Asian Journal of Information Technology

Year: 2011
Volume: 10
Issue: 7
Page No. 259 - 270

Evaluation of the Implementation of Indonesian Electronic Journals Citation System Using Regex Technique and PDF Extraction Tool

Authors : Riri Fitri Sari and Agung Kurniawan

Abstract: All research papers produced by researchers worldwide now are based on previous academic publication written by other researchers. Many research papers published in electronic media and new media also refered to previous publications. The advancement of technology makes internet become the most widely used media. Research papers are published in many formats such as in the journal. Relation among journals can be traced through their citations. The number of citation to a journal study can also be calculated to show the contribution of that particular study. In order to know the relation among journal articles published on the internet, a system was designed which can automatically produce a relationship information betwen articles from different journals which are located in different websites. Therefore, in this research we created a mashup in order to extract the web pages and then pick required files automatically. This system produced a database to save the extracted files and then find the relations. The results of the process are shown in a web portal. The interface has functionalities for searching by using the key words inputted by users.
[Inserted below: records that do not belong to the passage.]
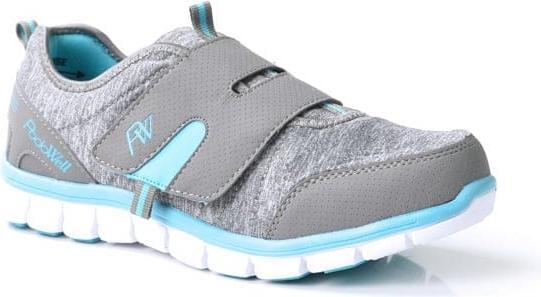 Produktbild Podowell VENDEE 37 Gris (37)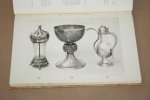  - Catalogue of the Renowned Collection of Silversmith's Work -- Formed By the Right Hon. Montagu, First Lord Swaythling, Being a Part of the Swaythling Heirlooms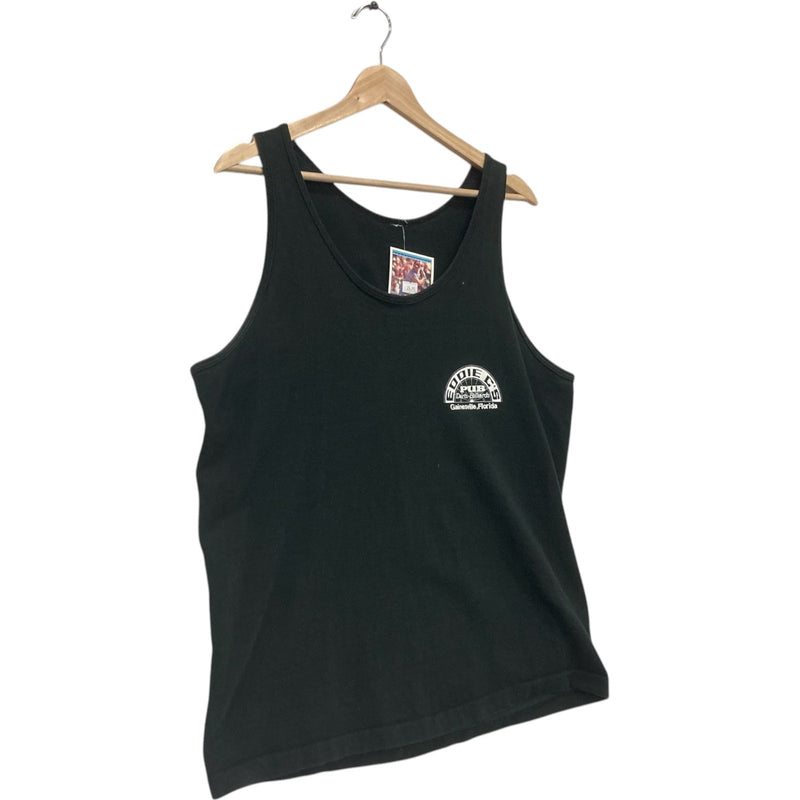 Vintage Eddie C's Pub Tank Top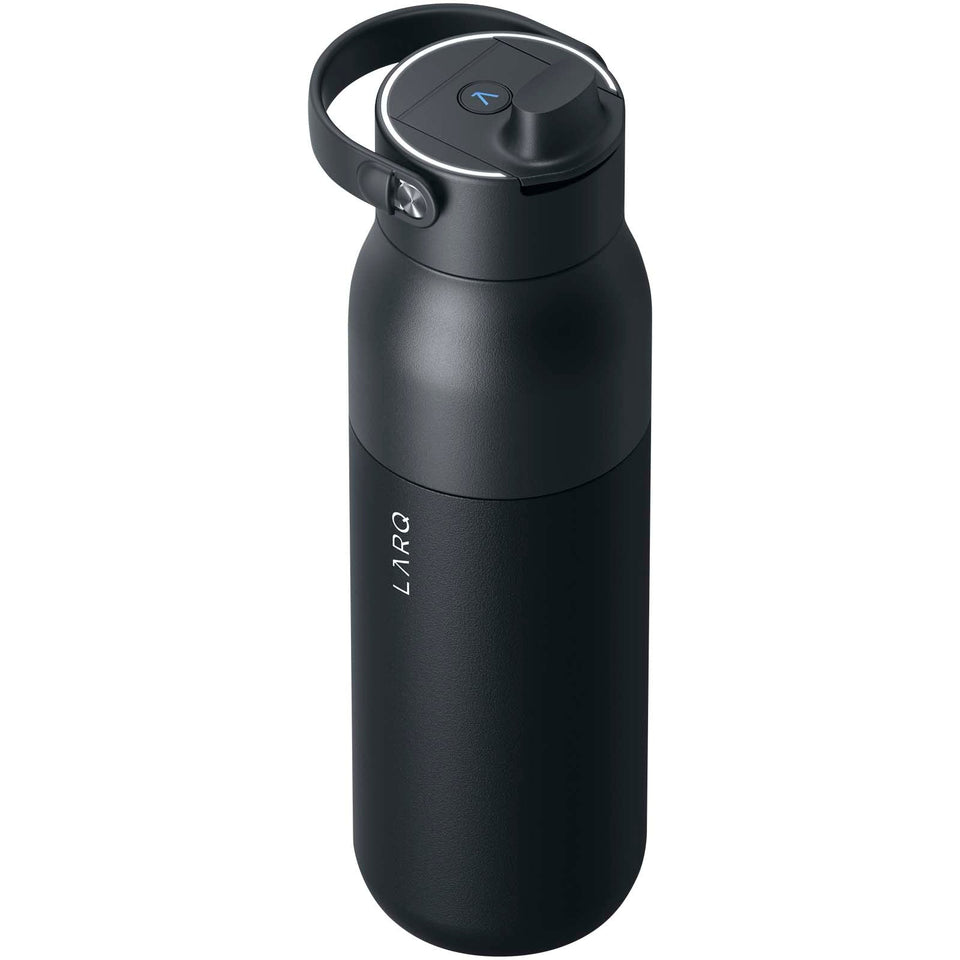 Borraccia da 1000 ml LARQ PureVis™ 2.0 personalizzato con logo - Pubblienne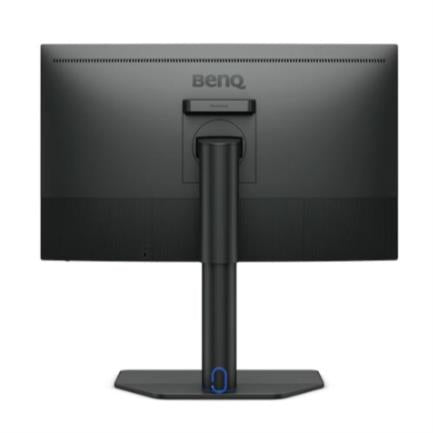BENQ - Monitor BenQ 27" 4K UHD P/Fotografia Gira 90° Panel IPS DP/HDMI/USB 3.1/USB-B/USB-C/Ranura de tarjetas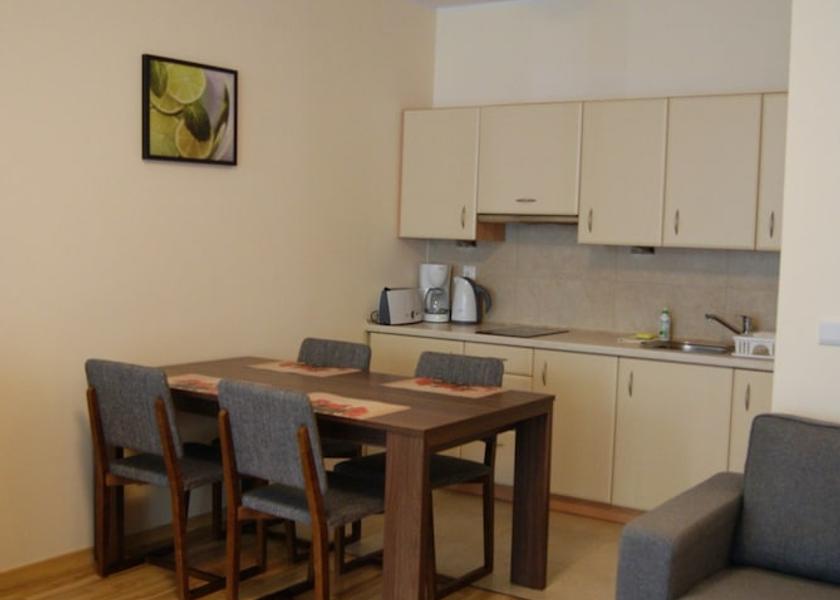 West Pomeranian Voivodeship Międzyzdroje In-Room Dining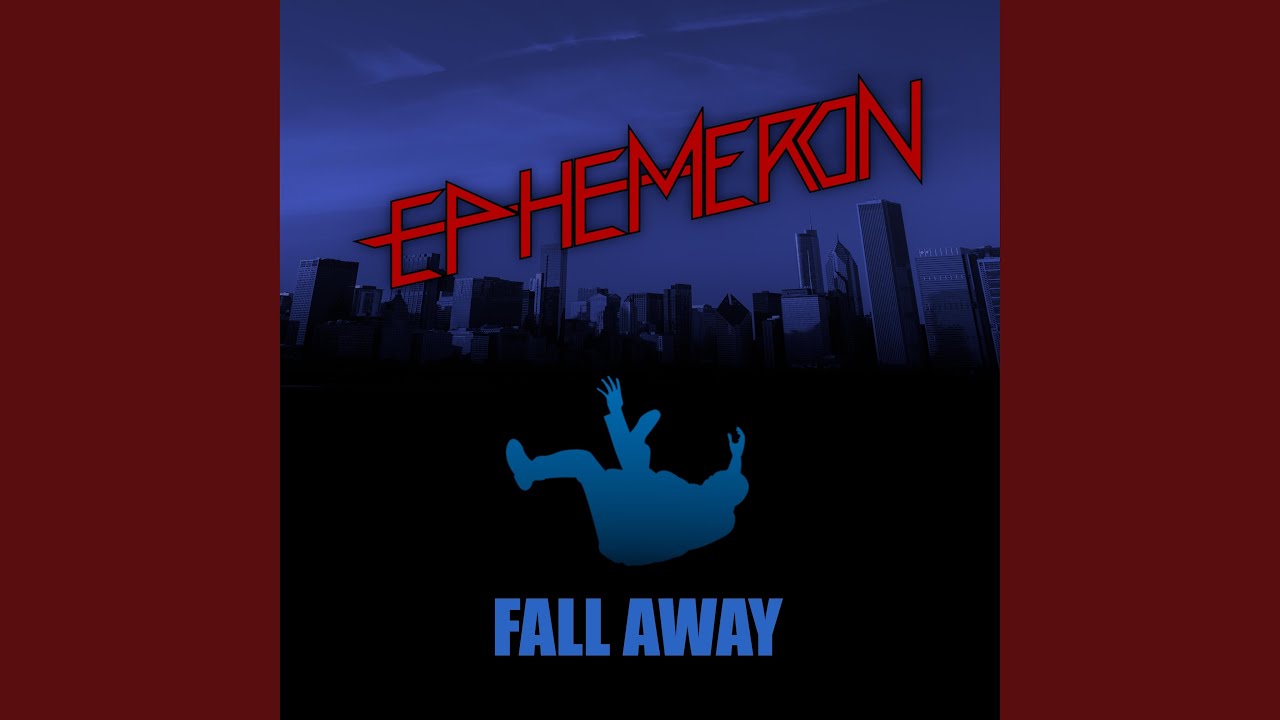 Watch Fall Away on YouTube Watch Fall Away on YouTube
As a result, the whole system forms a Mashup. We created an automatic extraction for Indonesian electronic journals system using data from fourteen university e-journal sites. We built the system using PHP language and MySQL database, after carefully studied the algorithm in Openkapow Robomaker. The system can successfully extract information from journal provider’s web pages which include special type of PDF pages then save them in database. The system generated finally shows the connection and the relation among the journals. The test result shows the processing time and memory usage evaluation for a random number of files. The evaluation results show that the execution time is dependent on the number of journal series, volumes and number of articles on related e-journal sites. The system has been complemented with some functionalities for the user interface to report the number of the total journal articles extracted automatically from different sites. Some approach such as the use of DOM tree, Regular Expression techniques and PDF extraction tools have been used to improve the system in extracting web pages and getting full journal articles to be processed.

How to cite this article:

Riri Fitri Sari and Agung Kurniawan, 2011. Evaluation of the Implementation of Indonesian Electronic Journals Citation System Using Regex Technique and PDF Extraction Tool. Asian Journal of Information Technology, 10: 259-270.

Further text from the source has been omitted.